PROVIDED DATA:
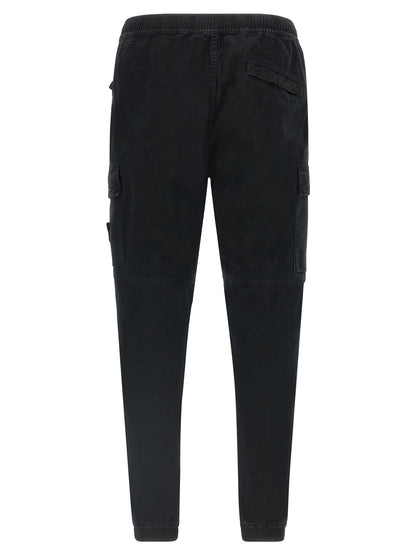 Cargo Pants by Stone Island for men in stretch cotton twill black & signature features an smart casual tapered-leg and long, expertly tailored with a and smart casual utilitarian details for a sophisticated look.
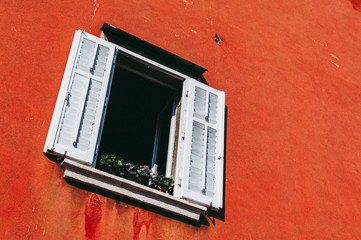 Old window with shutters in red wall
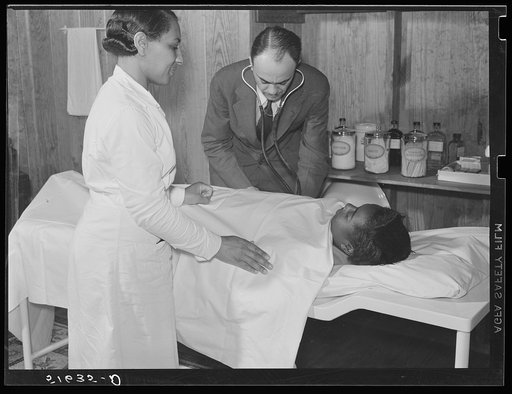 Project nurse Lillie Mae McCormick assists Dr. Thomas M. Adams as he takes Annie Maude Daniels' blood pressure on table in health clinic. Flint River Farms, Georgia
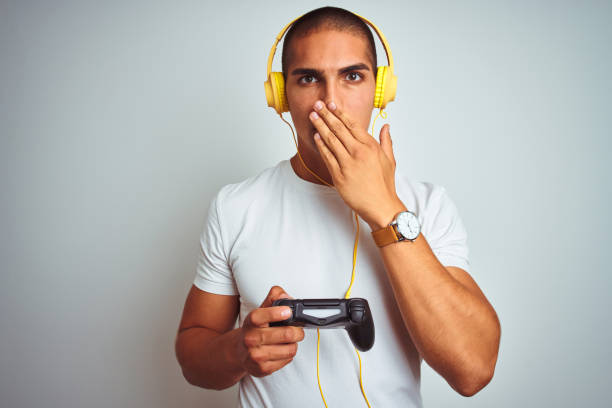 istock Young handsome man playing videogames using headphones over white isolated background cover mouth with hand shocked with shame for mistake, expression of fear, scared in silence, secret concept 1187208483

WHAT THIS TASK INVOLVES: Every line above should be reproduced exactly, please, with no pictures included.

RESULT FOR THIS EXERCISE:
 Cargo Pants by Stone Island for men in stretch cotton twill black & signature features an smart casual tapered-leg and long, expertly tailored with a and smart casual utilitarian details for a sophisticated look.
 Old window with shutters in red wall
 Project nurse Lillie Mae McCormick assists Dr. Thomas M. Adams as he takes Annie Maude Daniels' blood pressure on table in health clinic. Flint River Farms, Georgia
 istock Young handsome man playing videogames using headphones over white isolated background cover mouth with hand shocked with shame for mistake, expression of fear, scared in silence, secret concept 1187208483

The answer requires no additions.